After the birth of my second daughter cracks started to appear in my marriage and by time the children were four and six I decided the marriage was over. This was the first time I really realised the importance of self-care and looking after myself in order for me to be able to look after others. I started to learn much more about mental health and realised that although it was a bit of a tabu, that one in four people will be touched by mental ill health at some time during their lifetime. When you consider your friendship groups there may be others who are struggling one way or another and keeping it to themselves out of shame. I began to become more open about my experience and realised the anxiety had less power over me that way as well.
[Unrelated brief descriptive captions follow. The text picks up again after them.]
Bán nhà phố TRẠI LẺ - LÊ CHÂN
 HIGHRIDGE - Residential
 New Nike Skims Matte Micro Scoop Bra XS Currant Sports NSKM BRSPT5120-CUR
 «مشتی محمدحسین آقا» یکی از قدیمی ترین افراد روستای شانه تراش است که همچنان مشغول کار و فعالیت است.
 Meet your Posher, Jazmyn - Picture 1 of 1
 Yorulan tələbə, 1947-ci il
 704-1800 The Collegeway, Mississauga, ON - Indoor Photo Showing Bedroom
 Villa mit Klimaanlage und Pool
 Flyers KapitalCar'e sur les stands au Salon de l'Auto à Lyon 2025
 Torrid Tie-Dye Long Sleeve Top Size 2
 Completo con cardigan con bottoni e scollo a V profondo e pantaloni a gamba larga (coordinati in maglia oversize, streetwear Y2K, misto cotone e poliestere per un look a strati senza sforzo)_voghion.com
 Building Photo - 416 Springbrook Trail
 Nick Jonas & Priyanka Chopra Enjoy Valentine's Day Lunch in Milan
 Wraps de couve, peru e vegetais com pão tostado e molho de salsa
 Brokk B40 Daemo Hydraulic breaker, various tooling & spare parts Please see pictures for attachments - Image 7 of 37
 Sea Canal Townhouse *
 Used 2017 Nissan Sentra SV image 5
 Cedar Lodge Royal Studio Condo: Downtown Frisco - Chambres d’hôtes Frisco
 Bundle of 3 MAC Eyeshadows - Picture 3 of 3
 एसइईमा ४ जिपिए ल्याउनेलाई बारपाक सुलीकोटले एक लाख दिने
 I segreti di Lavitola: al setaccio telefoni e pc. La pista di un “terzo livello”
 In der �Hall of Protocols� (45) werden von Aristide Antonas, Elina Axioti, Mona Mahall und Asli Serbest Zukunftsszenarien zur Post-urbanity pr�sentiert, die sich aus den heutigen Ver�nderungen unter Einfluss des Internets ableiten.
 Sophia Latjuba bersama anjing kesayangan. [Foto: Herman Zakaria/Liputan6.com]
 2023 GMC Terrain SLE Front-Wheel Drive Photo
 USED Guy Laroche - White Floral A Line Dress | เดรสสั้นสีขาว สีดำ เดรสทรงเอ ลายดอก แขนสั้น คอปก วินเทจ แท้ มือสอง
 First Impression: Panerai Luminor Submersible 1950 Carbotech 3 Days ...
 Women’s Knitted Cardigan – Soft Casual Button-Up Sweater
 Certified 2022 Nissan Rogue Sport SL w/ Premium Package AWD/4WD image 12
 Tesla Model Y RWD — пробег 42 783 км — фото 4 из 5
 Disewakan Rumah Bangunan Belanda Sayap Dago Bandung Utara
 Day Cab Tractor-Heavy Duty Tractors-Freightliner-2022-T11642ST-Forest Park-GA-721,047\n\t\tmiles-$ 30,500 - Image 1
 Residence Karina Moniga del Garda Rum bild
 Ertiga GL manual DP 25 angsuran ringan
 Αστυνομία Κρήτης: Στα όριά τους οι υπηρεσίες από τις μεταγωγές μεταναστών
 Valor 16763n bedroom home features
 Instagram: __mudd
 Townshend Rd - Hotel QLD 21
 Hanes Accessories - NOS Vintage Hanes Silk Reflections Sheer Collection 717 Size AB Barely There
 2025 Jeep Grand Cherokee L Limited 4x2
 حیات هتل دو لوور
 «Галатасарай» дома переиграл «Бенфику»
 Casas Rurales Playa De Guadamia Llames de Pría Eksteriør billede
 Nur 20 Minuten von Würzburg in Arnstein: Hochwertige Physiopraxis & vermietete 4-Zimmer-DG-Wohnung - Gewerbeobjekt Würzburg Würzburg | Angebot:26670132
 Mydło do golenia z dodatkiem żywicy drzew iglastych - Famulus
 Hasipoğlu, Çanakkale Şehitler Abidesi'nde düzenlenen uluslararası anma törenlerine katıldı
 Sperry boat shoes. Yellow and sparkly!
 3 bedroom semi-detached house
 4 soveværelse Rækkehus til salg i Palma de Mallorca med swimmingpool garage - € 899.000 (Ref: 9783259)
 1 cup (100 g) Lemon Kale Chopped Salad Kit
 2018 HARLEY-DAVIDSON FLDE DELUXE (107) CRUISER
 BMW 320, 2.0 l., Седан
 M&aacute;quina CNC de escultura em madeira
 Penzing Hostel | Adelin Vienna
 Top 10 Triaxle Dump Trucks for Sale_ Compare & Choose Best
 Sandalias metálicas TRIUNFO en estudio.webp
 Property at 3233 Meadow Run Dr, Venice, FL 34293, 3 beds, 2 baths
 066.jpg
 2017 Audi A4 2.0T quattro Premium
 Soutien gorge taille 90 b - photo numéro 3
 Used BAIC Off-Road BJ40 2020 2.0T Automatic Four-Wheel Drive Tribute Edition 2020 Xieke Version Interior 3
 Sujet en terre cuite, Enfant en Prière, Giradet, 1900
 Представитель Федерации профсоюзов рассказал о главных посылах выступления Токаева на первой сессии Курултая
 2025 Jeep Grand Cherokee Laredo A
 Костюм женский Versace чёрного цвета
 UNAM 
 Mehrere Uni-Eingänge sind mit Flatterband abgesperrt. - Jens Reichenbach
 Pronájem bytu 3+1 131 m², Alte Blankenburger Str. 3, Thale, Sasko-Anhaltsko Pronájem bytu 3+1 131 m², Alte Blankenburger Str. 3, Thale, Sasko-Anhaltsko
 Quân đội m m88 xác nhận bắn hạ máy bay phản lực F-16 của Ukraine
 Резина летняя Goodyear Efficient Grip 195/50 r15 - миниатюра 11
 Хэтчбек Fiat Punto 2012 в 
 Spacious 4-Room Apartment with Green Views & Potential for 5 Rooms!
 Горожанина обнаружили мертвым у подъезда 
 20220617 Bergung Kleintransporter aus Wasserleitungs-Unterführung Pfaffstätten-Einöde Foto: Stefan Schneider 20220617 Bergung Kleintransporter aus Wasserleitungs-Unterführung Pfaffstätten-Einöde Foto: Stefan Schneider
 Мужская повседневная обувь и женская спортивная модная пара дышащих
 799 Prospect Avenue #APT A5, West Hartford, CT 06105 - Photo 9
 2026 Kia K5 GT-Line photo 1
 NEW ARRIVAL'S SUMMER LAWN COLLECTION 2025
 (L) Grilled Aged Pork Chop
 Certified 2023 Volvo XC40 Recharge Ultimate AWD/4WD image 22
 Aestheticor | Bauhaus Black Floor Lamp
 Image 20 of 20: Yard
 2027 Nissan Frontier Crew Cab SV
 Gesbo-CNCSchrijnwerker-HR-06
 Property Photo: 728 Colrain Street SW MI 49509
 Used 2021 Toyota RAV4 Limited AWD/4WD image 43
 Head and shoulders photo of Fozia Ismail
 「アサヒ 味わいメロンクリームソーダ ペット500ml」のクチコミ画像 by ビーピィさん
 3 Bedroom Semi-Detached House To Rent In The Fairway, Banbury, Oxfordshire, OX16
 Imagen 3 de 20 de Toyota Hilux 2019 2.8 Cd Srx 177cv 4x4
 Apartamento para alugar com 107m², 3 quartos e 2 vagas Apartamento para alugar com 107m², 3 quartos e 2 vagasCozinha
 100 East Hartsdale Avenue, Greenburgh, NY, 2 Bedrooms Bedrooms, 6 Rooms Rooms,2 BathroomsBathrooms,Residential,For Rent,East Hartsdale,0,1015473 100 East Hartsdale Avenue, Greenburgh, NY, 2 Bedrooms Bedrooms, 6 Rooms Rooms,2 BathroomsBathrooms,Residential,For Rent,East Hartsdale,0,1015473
I looked at my life and decided to make changes to it in order to try to keep me at my happiest and more in control. I realised the importance of getting outside and connecting with nature which was something I had really lost since leaving the army. I had tried many gyms for fitness but realised that although I enjoyed working out I believed a lot of the culture with gyms is about improving how you look rather than how you feel. I then started getting into running which really gave me a buzz and helped get my mind into flow. After doing long distance running for a few years (having done a few half marathons) I had picked myself up lots of injuries so I looked into nordic walking. This still gives me the buzz of being outdoors and pushing my body to go faster and further but it feels much less of an impact. It’s also a good whole body workout which helps improve posture.

These days I’m much more in tune with how I feel and take time to look after myself before I start struggling. I’m still on medication which I’ve had to come to terms with as I’ve tried to come off several times. Each time the panic attacks just come back. Maybe it just has to be one of the things I have to do to keep me healthy. After all mental health is just as important as physical health.